University of California Los Angeles (UCLA)
NOTE: All postdoctoral fellowship positions are contingent upon funding. Applications are accepted via CLIR's online application system. Review of applications is already underway, but applications will be accepted until all positions are filled.
UCLA Library CLIR Postdoctoral Fellowship 2013-2014: Languages, Cultures, Research Data
The UCLA Library offers a one year opportunity for a CLIR Postdoctoral Fellow, with possible renewal for one year. Past UCLA CLIR Postdoctoral Fellows have brought language, community, and cultural resources to bear to digitize and make accessible some of the most unique of the UCLA Library’s materials, from contemporary and historical Armenian printed works, to medieval Arabic manuscripts. Others have combined their knowledge of ancient and diasporic languages and peoples to reach out to the Los Angeles community, on behalf of the Library. In addition, others have provided digital expertise in archiving and organizing visual collections of images or film, or mapping Arab Spring tweets from Cairo.

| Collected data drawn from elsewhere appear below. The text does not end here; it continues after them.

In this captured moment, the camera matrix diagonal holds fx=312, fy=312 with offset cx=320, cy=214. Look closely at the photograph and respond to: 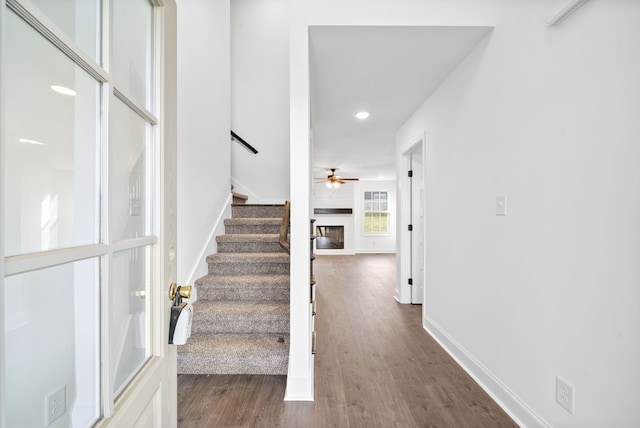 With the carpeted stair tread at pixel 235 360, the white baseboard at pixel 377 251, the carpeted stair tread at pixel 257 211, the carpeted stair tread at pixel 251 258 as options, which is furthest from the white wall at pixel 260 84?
the white baseboard at pixel 377 251

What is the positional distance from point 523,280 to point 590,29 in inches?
48.0

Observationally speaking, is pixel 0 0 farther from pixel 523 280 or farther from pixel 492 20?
pixel 492 20

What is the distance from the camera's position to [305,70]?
6.59 ft

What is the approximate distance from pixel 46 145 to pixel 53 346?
36cm

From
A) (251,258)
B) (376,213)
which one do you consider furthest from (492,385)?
(376,213)

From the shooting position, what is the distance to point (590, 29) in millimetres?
1314

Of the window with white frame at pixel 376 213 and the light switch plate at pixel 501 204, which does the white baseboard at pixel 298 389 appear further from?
the window with white frame at pixel 376 213

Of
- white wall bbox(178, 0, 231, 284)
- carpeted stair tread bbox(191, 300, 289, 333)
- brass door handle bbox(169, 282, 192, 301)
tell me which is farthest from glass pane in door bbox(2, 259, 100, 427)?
white wall bbox(178, 0, 231, 284)

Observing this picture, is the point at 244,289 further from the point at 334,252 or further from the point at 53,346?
the point at 334,252

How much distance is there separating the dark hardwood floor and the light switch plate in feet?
3.90

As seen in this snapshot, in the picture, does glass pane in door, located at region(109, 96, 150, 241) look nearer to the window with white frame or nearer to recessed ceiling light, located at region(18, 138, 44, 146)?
recessed ceiling light, located at region(18, 138, 44, 146)

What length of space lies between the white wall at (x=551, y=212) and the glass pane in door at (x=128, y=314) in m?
1.65

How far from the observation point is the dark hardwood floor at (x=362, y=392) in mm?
1799

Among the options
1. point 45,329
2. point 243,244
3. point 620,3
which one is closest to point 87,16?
point 45,329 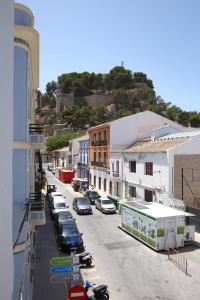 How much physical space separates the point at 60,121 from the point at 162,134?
9302cm

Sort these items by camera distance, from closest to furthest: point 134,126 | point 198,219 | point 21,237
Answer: point 21,237 → point 198,219 → point 134,126

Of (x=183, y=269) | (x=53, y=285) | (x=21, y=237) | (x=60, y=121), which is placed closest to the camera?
(x=21, y=237)

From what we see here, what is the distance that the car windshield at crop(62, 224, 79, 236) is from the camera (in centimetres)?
2089

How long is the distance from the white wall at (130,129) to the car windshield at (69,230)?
66.8 ft

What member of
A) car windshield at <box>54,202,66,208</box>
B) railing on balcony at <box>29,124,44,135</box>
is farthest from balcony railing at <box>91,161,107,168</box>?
railing on balcony at <box>29,124,44,135</box>

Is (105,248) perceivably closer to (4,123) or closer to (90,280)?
(90,280)

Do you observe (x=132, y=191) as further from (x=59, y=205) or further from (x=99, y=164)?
(x=99, y=164)

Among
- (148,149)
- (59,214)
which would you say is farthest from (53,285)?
(148,149)

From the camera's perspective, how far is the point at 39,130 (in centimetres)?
1310

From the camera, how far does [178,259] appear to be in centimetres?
1844

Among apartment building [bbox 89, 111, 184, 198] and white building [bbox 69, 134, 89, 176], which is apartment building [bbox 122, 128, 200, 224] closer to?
apartment building [bbox 89, 111, 184, 198]

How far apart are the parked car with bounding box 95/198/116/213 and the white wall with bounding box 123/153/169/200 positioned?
10.5ft

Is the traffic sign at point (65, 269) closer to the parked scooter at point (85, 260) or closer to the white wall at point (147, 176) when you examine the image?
the parked scooter at point (85, 260)

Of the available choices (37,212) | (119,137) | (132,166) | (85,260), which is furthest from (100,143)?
(37,212) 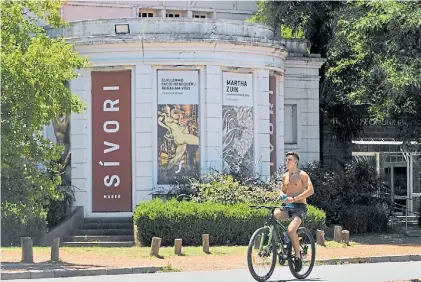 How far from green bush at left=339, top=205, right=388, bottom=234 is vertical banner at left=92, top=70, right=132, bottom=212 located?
6460 mm

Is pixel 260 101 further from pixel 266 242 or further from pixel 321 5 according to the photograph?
pixel 266 242

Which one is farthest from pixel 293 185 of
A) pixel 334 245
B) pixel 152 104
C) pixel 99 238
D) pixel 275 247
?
pixel 152 104

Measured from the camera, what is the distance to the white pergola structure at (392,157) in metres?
38.1

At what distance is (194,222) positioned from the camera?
24.0 m

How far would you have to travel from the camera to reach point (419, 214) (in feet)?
109

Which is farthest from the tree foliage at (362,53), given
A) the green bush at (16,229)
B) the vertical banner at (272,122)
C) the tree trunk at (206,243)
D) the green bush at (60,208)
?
the green bush at (16,229)

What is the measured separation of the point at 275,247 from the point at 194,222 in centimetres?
877

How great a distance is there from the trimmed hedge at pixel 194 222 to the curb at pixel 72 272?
531 centimetres

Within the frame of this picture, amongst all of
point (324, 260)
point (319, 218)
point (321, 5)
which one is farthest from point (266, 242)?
point (321, 5)

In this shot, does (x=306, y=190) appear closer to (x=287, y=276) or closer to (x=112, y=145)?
(x=287, y=276)

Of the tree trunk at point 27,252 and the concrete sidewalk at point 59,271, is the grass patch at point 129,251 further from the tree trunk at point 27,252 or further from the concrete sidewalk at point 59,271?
the concrete sidewalk at point 59,271

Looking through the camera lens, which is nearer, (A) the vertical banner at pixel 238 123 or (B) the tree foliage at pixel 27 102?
(B) the tree foliage at pixel 27 102

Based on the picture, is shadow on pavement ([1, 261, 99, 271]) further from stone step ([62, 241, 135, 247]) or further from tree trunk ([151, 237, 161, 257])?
stone step ([62, 241, 135, 247])

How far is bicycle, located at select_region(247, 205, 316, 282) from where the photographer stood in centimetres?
1520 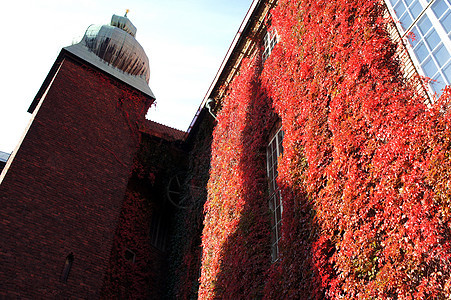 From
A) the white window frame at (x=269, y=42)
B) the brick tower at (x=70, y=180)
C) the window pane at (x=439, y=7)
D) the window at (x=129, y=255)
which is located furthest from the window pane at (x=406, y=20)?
the window at (x=129, y=255)

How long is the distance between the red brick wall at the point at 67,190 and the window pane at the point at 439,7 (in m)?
9.30

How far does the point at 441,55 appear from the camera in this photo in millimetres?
6035

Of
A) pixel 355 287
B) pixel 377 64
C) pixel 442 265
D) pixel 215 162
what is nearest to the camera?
pixel 442 265

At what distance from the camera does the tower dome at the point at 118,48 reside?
664 inches

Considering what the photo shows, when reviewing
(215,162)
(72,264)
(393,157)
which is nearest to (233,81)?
(215,162)

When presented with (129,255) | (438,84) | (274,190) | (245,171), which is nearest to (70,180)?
(129,255)

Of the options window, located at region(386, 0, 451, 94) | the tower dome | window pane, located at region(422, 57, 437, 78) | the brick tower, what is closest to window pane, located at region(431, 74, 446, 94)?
window, located at region(386, 0, 451, 94)

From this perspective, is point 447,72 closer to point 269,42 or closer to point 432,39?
point 432,39

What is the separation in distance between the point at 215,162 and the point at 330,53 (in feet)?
18.0

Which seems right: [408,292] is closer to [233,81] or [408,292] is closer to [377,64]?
[377,64]

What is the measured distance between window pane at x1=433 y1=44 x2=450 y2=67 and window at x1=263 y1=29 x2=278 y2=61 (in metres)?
6.36

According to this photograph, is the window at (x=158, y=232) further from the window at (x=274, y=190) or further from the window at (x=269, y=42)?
the window at (x=269, y=42)

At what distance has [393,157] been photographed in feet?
18.6

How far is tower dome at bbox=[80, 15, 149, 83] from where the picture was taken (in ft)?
55.3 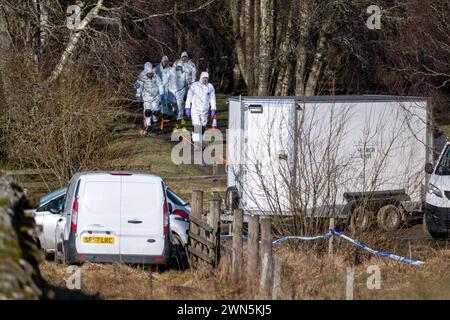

The UCLA Library is most interested in applications from potential CLIR Postdoctoral Fellows who have expertise in Hebrew, Arabic, or Latin American languages and cultures. We have a specific need for someone who can participate in organizing and digitizing Hebrew language ephemera. Opportunities may be possible for those who are able to read and organize the largest repository of Ethiopic manuscripts in North America.
The UCLA Library is also interested in those who desire to teach undergraduates with primary sources—and develop methodologies to teach others how to do so. We are interested in those who desire to study the use of data in scholarship by faculty members in digital humanities and social sciences, and to investigate methods for embedding this content in publications, or in the Library’s role in providing long term preservation of such data.
Required:
Fluent reading and writing knowledge of at least one of the following: Hebrew, Arabic, Spanish, or Portuguese—as well as classical and ancient languages.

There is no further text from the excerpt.